As a result of the performance of the separation of the light phase of the hydrolysis product in such a way that a certain proportion of free fatty acid is still present in the fraction that also comprises the unconverted fatty acid alkyl esters and fatty acid triglycerides, and the subsequent recycling of at least a portion of this fraction into the hydrolysis reaction, a proportion of free fatty acid gets into the hydrolysis reactor and can have an accelerating effect on the reaction rate of the hydrolysis therein.
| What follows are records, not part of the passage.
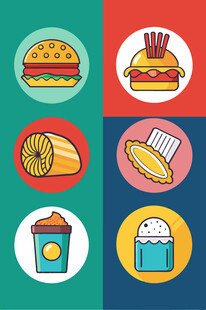 多彩快餐图标集合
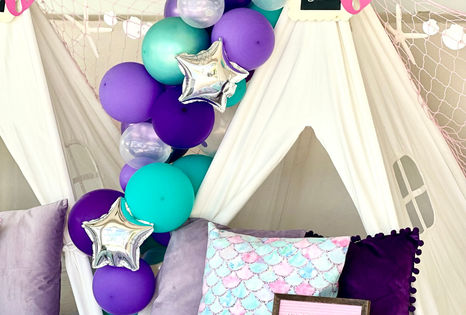 Teepee Glamping Mermaid Ariel Sleepover Slumber Party Under The Sea Birthday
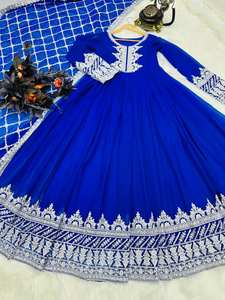 Vestido de trabajo de secuencia bordada de encaje Georgette de calidad superior, conjunto Dupatta de trabajo pesado, tela de césped de precio barato para fiestas - Product Image 3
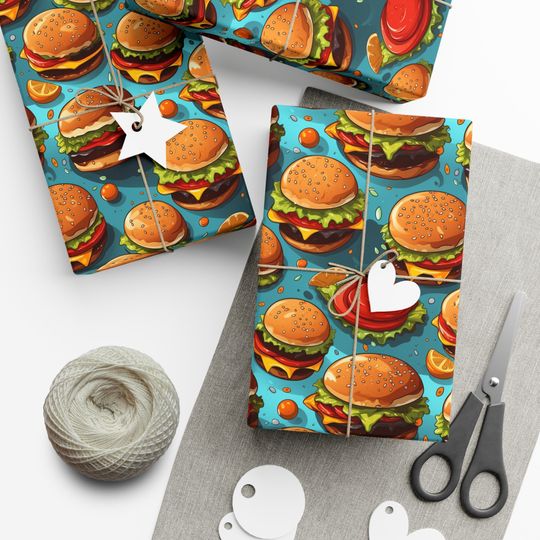 Discover Juicy Hamburger Wrapping Paper: Fun Foodie Gift Wrap, Cheeseburger in Paradise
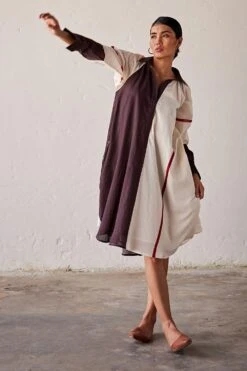 Khara Kapas Off White And Grey Shirt Dress -Inca Sales Store 19923kk40 2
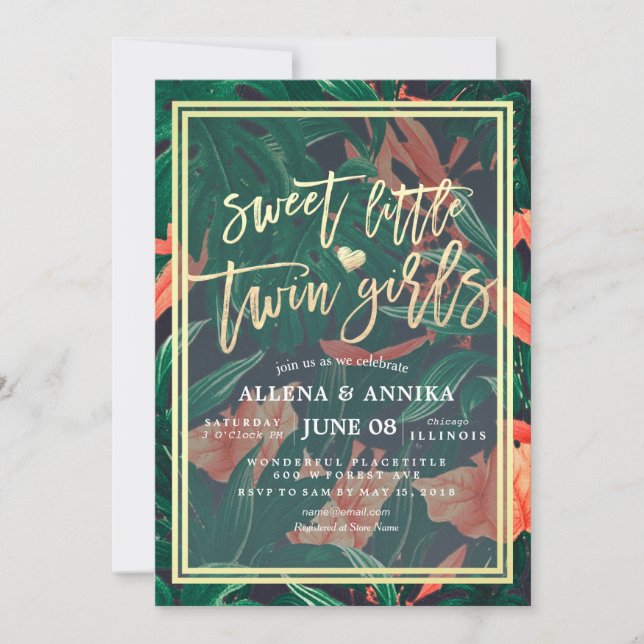 Invitation Baby shower Sweet Little Twin Girl Tropical Floral (Devant)
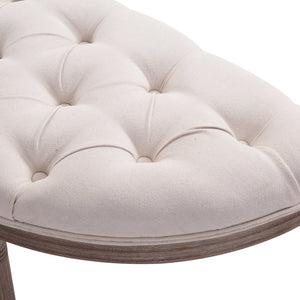 Panca Semicircolare Imbottita in Legno 140,5x51x48 cm  Beige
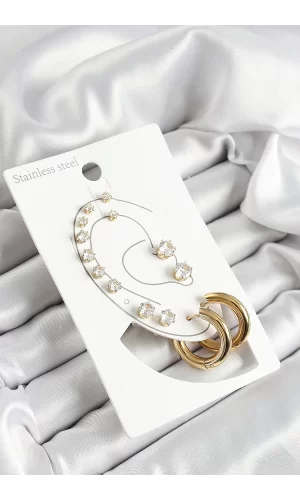 316L Çelik Halka Figürlü Ve Zirkon Taşlı Gold Renk 7li Çift Kadın Küpe Set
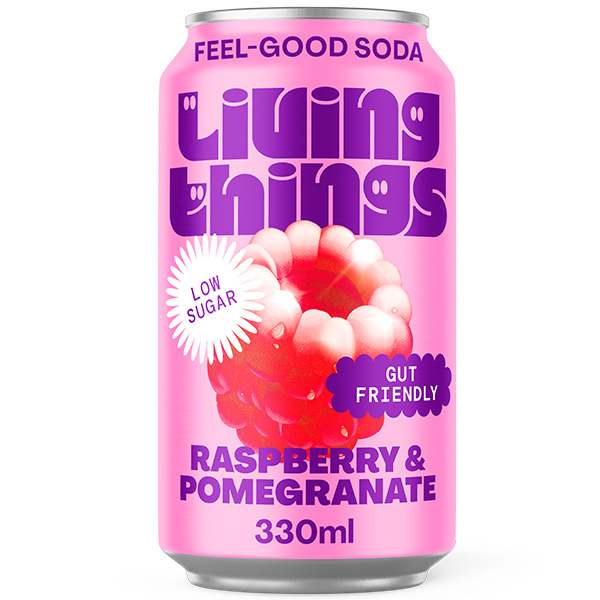 Living Things - Prebiotic and Probiotic Soda - Raspberry & Pomegrante - 12x330ml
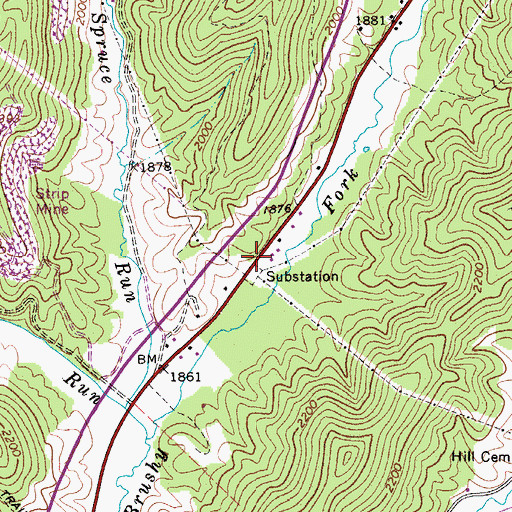 Topographic Map of Hookersville Muddlety Volunteer Fire Department, WV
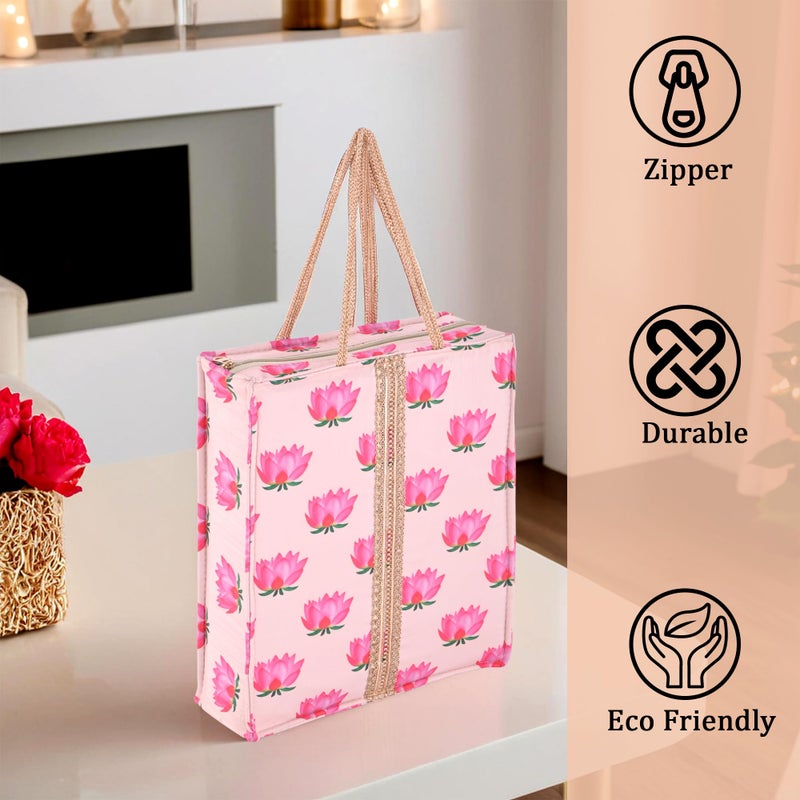 Kuber Industries Kuber Industries 2 Pcs Silk Cloth Bags for Gifting with Zipper, Lace and Handle | Handbag Housewarming Ceremony Shagun Traditional Bag for Return Gifts | Lotus Print - Cream  - Image 5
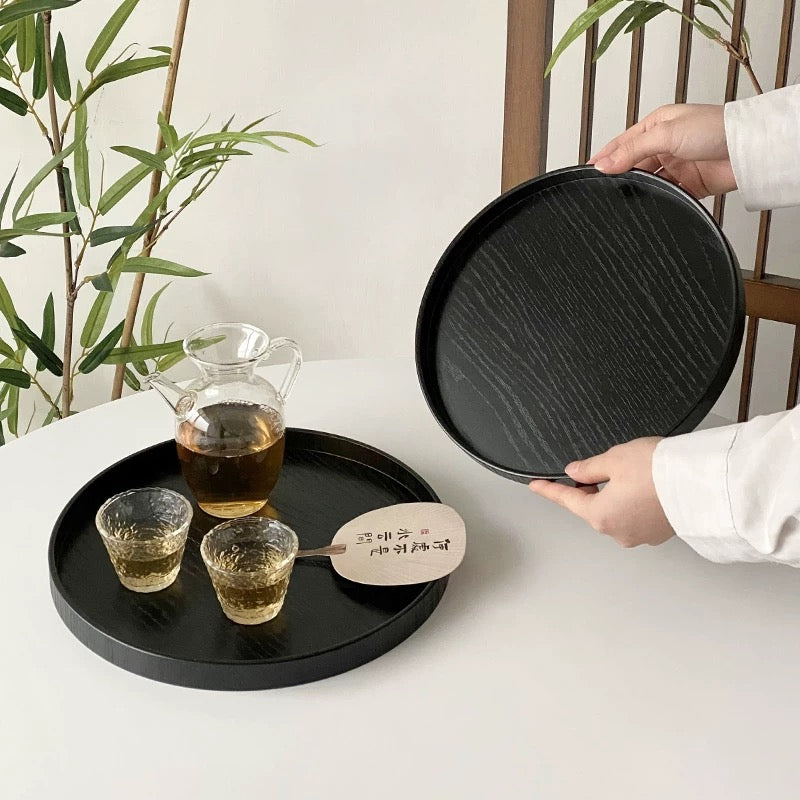 Black Wooden Round Tray Untable 2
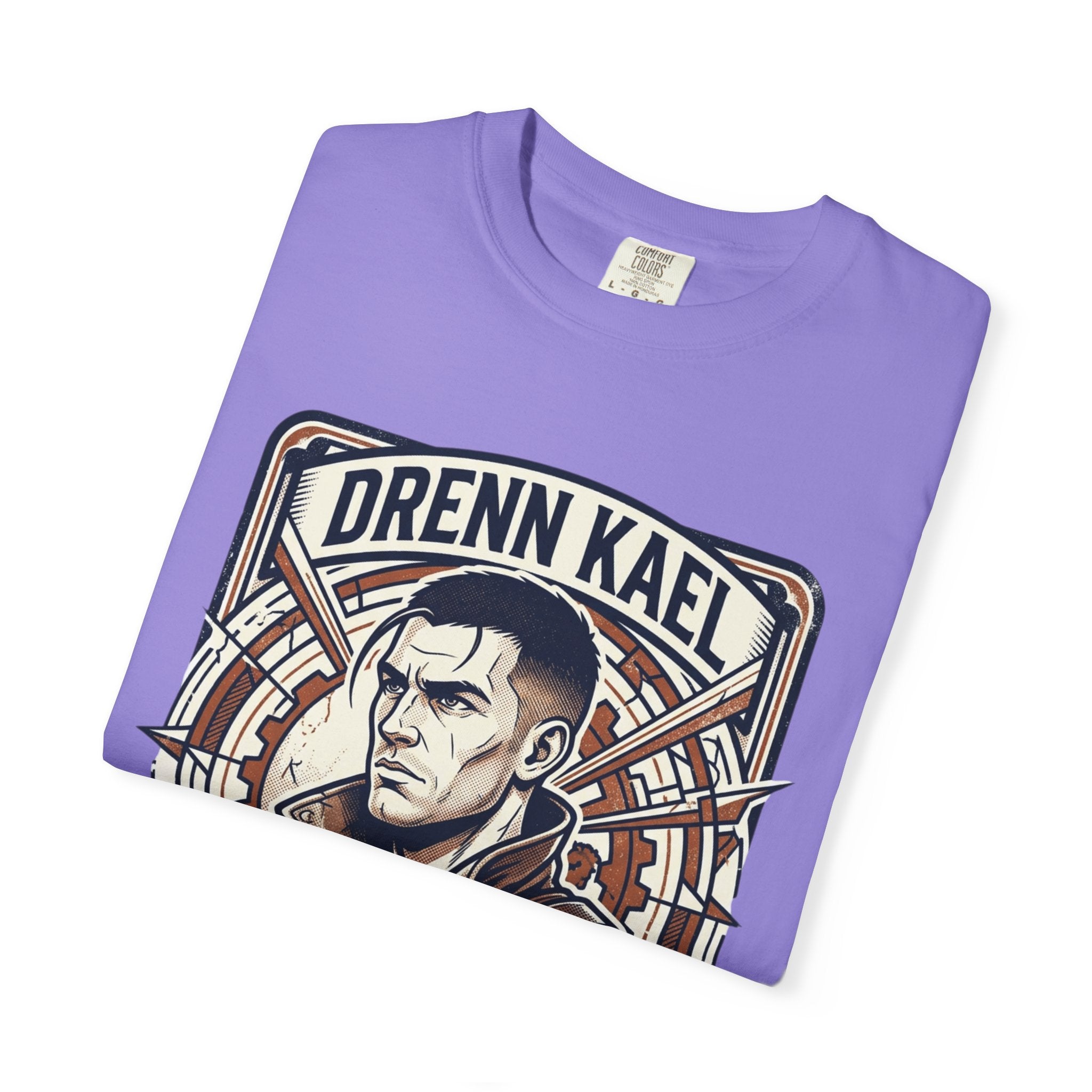 Power Runs Black PRB Drenn Kael Portrait T-Shirt — "Rebellion Twists the Axis" Graphic Tee by Printify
It should be noted that the equilibrium position of the hydrolysis reaction is shifted toward the reactants by the supply of free fatty acid as reaction product. With regard to the small amounts of free fatty acid required for the catalytic action, however, this effect can only be regarded as a minor effect. Overall, economic advantages result from the higher reaction rate. These are manifested especially in the case of a continuous reaction regime, for example in a continuous stirred tank reactor, a stirred tank cascade or another continuous reaction apparatus with high backmixing: in the steady state, the fresh, i.e. non-prereacted, reactants fed in already encounter a non-zero concentration of free fatty acid as catalyst in the hydrolysis reactor. As a result, the initiation phase is effectively skipped and the conversion curve against time immediately rises rapidly. To achieve a defined final conversion, therefore, there is a reduction in the reactor size required.


In the case of a batchwise reaction regime, the invention can be employed, for example, such that a portion of the free fatty acids obtained from a prior reaction mixture is retained and then added as catalyst to a subsequent reaction batch.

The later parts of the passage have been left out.